What is database replication?
Why Interviewers Ask This
Foundational questions like this help interviewers calibrate the rest of the interview. A confident, accurate answer signals that you have solid System Design basics — a prerequisite for any developer role.
Answer
Database replication maintains multiple copies of the same data on different servers to improve availability, fault tolerance, and read performance. Primary-Replica (Master-Slave): one primary accepts writes; replicas are read-only copies. Primary streams changes to replicas via write-ahead log or binary log. Benefits: read scaling (route reads to replicas), high availability (promote replica if primary fails), backup (take backups from replicas). Lag: replicas may be behind primary — reads from replicas may be stale. Primary-Primary (Multi-Master): multiple nodes accept writes and replicate to each other.

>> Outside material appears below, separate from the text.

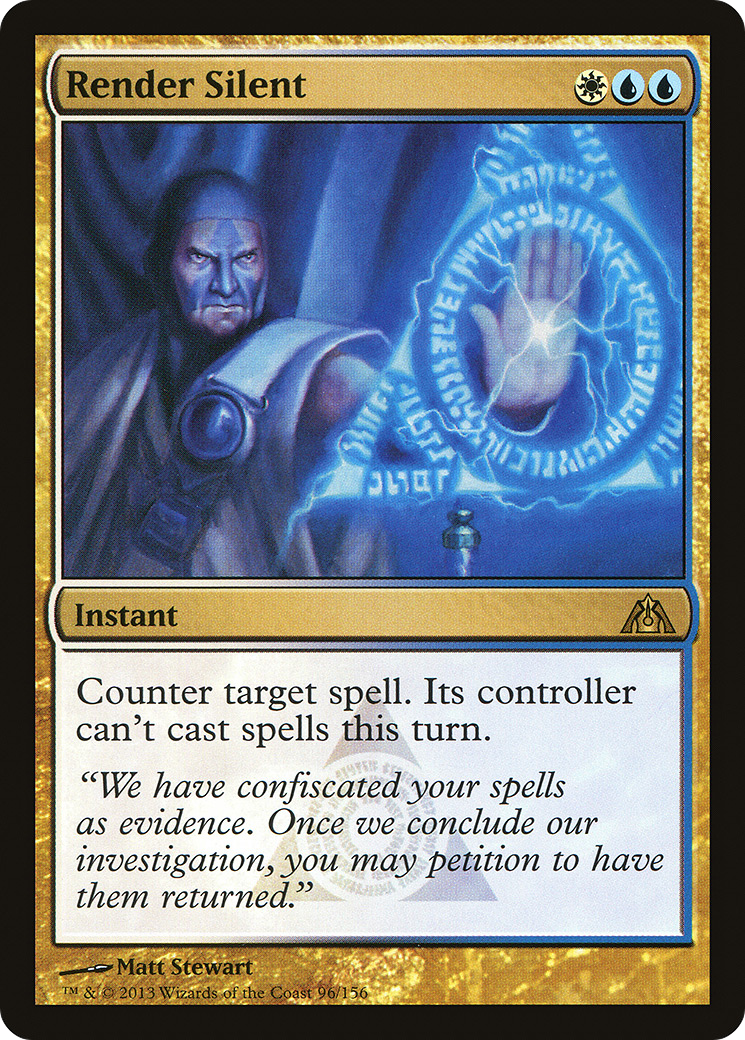 Render Silent (DGM-096)  Foil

Benefits: write scaling, geographic distribution (write to nearest). Challenges: conflict resolution when the same data is written to two primaries simultaneously. Synchronous replication: primary waits for replica to confirm before acknowledging the write — no data loss but higher write latency. Asynchronous replication: primary acknowledges immediately, replica updates later — lower latency but potential data loss on primary failure. Semi-synchronous: primary waits for at least one replica to confirm. Read-write splitting: application routes writes to primary, reads to replicas. Requires handling replication lag (read-your-own-writes: after write, read from primary briefly, then replicas). Examples: MySQL replication, PostgreSQL streaming replication, MongoDB replica sets, Cassandra multi-node replication with configurable consistency.
Pro Tip
This topic has System Design-specific nuances that differ from general programming. Highlighting those nuances in your answer shows expertise rather than generic knowledge.